Тот даже рассердился.
— Разумеется, нет! Сочинила что!.. Я всегда стою в передовых рядах, считаюсь либералом — и не напрасно: вся моя деятельность направлена к раскрепощению умов, связанных предрассудками. Думаешь, — как курсистка, — что лучше тебя никого уже и не найдешь? Самомнение!.. Ну, на первый раз, так и быть, прощаю… помиримся…
‘Такие либералы часто бывают дома деспотами’, — внезапно подумали об одном и том же и тетка, и племянница и, переглянувшись, чутьем поняли это и усмехнулись.
Судья закурил папиросу, уютно уселся, ловко пуская дымные кольца и поджав под себя правую ногу, и молчал.
— А все-таки скучно без газет, без электричества, без правосудия, без железных дорог, без магазинов, без цивилизация, — с горечью вырвалось у него, и, прислонив голову к спинке дивана, он уставился глазами в потолок со светящимся кружком от лампы, словно искал в нем разгадки сомненьям. — Скорей бы это все кончилось! — раздраженно прибавил он после нового перерыва, но так как опять никто не подавал желаемой реплики, Борис Вячеславович вскочил с дивана и, недовольно подергивая усы, сказал уже сердитым, сухим, как будто обиженным голосом: — Забастовка — обоюдоострое орудие. Поиграли и — довольно. Ты не ходила ли с другими и с работ не снимала ли разных приказчиков, коночных кондукторов и так далее? Мы, судьи, сами забастовали… Это совсем иное… а по принуждению — бр!.. Мне бы не хотелось, чтобы моя племянница… — начал он и запнулся.

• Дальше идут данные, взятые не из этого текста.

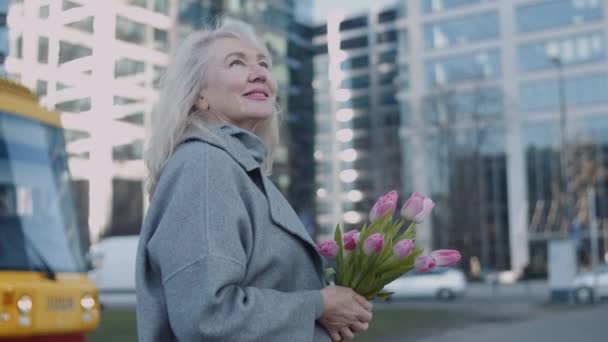 Retrato Uma Mulher Loura Caucasiana Sênior Com Flores Paisagem Urbana — Vídeo de Stock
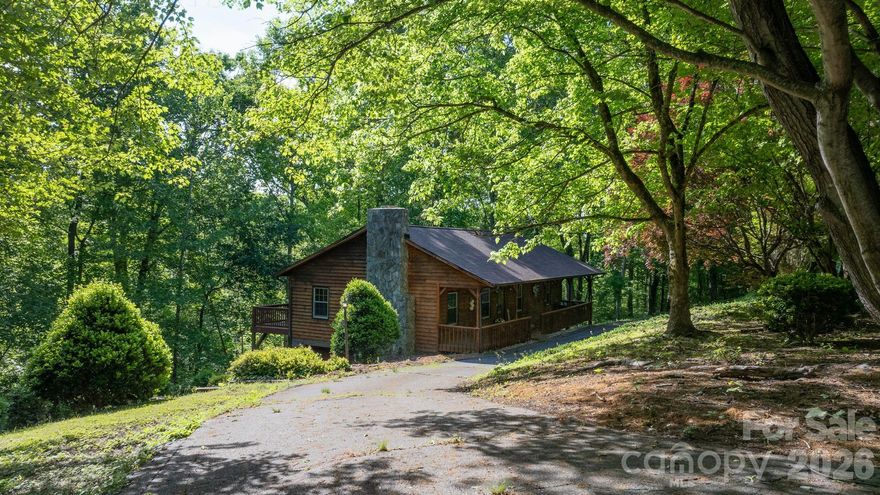 Tucked away on a private cul-de-sac street in the highly sought-after Mountain View area, this beautifully updated ranch-style home offers the perfect blend of peaceful wooded seclusion and convenient access to Hwy 321 and I-40. Set on a private .99-acre wooded lot — no grass to mow, just nature at your doorstep — the home welcomes you with a large covered front porch and delivers a private rear deck ideal for entertaining or quiet evenings under the trees.
Inside, 2,353 square feet of finished living space spans the main level and a full basement, offering 3 bedrooms, 2.5 baths, and a flexible bonus room downstairs that can easily serve as a 4th bedroom. You'll find zero carpet throughout — refinished hardwoods, laminate, luxury vinyl plank, and tile flow seamlessly from room to room.
The updated kitchen shines with crisp white cabinetry, granite countertops, soft-close drawers, a pantry, and stainless appliances. A cozy gas fireplace anchors the main living area, perfect for cool mountain evenings. The basement also houses a single-car garage, adding convenience and covered storage.
This home has been thoroughly refreshed top to bottom: new roof, new heat pump, new PEX plumbing, new well pump and motor, replacement windows, fresh paint throughout, new deck, new blinds, and updated bathrooms. Move-in ready with peace of mind built in — and the added bonus of no city taxes.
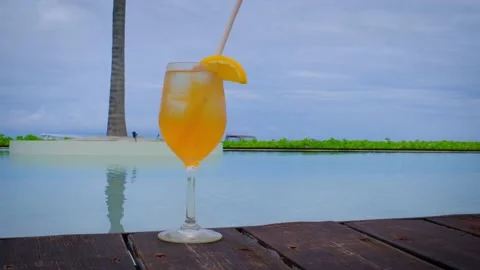Close up of cocktail with a swimming pool. Video stock 229704608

— Снимала, — совершенно просто подтвердила Галя и, видимо, собиралась рассердиться на его выговор, но дядя уже вновь принял беззаботно-шутливый вид и посмеивался, как обыкновенно смеются люди, довольные жизнью, собственным остроумием, вкусным обедом или ужином, которые иногда не прочь в часы досуга и пококетничать свободомыслием в пределах, однако, строго определенной грани.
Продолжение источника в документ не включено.